10 Ways Indie Devs Can Build Characters Players Actually Love (Lessons from Baby Steps)
Actionable indie dev tips to craft flawed, lovable protagonists—10 lessons from Baby Steps on writing, animation, and marketing.
Hook: Why your protagonist probably isn’t sticking (and what Nate from Baby Steps teaches us)
Indie devs often hit the same wall: you ship an interesting mechanic but players don’t form a real connection with your protagonist. That kills community momentum, reduces word-of-mouth, and makes monetization and retention strategies harder. If you’re asking how to make characters players actually love, you need more than a striking silhouette or a single catchphrase. You need a holistic plan that covers writing, animation, and marketing—and you need it to be practical for a small team.
Enter Nate from Baby Steps. He’s whiny, unprepared, and intentionally pathetic. The designers (Gabe Cuzzillo, Bennett Foddy, and Maxi Boch) leaned into contradiction and comedic failure to create a protagonist players empathize with, meme about, and cheer for. As Foddy put it, "I thought it would be cute," and the eccentric choices stuck.
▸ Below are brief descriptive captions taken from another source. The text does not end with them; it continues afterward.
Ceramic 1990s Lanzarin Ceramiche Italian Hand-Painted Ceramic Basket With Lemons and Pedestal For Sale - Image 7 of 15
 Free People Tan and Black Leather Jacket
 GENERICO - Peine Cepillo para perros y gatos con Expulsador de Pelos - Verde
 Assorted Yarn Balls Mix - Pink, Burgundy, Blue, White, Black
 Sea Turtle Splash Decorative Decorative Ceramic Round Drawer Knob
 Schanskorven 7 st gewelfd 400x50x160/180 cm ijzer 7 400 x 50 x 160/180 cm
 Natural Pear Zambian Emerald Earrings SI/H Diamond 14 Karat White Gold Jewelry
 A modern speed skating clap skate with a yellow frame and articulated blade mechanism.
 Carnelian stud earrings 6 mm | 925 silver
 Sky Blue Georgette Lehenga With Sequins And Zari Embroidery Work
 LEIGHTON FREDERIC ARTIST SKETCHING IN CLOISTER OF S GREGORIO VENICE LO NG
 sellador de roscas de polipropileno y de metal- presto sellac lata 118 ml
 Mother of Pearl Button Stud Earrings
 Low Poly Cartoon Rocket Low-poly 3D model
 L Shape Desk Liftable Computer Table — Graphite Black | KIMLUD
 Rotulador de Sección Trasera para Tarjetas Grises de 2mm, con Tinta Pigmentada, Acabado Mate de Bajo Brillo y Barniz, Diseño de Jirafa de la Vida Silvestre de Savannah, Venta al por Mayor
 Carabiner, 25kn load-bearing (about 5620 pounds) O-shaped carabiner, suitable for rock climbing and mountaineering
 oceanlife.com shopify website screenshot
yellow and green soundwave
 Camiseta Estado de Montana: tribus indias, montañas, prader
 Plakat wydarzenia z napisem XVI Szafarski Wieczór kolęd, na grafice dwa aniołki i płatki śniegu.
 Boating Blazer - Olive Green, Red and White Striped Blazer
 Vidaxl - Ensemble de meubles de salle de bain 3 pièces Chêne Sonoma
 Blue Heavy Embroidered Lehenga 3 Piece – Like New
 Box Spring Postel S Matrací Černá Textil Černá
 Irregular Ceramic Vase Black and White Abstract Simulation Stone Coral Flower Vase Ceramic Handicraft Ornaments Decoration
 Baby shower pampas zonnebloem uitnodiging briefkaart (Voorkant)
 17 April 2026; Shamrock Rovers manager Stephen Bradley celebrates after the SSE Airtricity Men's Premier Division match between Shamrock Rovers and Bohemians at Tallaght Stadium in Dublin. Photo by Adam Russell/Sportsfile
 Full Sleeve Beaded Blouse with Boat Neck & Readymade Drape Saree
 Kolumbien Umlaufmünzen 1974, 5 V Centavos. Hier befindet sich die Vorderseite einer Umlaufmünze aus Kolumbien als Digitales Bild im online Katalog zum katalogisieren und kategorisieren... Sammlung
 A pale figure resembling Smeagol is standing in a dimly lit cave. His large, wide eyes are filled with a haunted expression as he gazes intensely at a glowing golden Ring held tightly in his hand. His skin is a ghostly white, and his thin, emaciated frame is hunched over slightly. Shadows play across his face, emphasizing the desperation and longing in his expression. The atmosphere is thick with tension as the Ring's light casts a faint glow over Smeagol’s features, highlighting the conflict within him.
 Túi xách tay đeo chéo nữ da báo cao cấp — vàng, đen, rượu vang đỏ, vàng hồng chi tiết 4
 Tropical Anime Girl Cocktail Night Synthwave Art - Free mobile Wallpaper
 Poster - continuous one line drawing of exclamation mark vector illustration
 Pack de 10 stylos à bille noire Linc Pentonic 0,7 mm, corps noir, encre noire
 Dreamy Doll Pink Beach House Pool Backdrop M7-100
That kind of deliberate design can be reproduced by indie teams who can’t afford AAA budgets but can out-design them in heart and personality.
Quick overview: 10 ways to build protagonists players love
- Design a core contradiction
- Make flaws mechanically meaningful
- Write micro-dialogue that earns rereads and clicks
- Craft signature, readable animations
- Use animation economy and exaggeration
- Leverage procedural and reactive systems
- Anchor character in a small, evolving arc
- Put the character in player-facing loops
- Market the protagonist as the entry point
- Measure attachment and iterate fast
Why this matters in 2026
In late 2025 and early 2026 we saw three trends that raise the stakes for character design: the rise of AI-assisted content pipelines (dialogue and motion tools), short-form social video dictating discoverability, and a bonafide player hunger for flawed, human protagonists after a wave of hyper-competent, cinematic leads. That combination means small, distinct characters can punch far above their production weight if you plan for social clipability, performance-friendly assets, and community-driven narrative hooks.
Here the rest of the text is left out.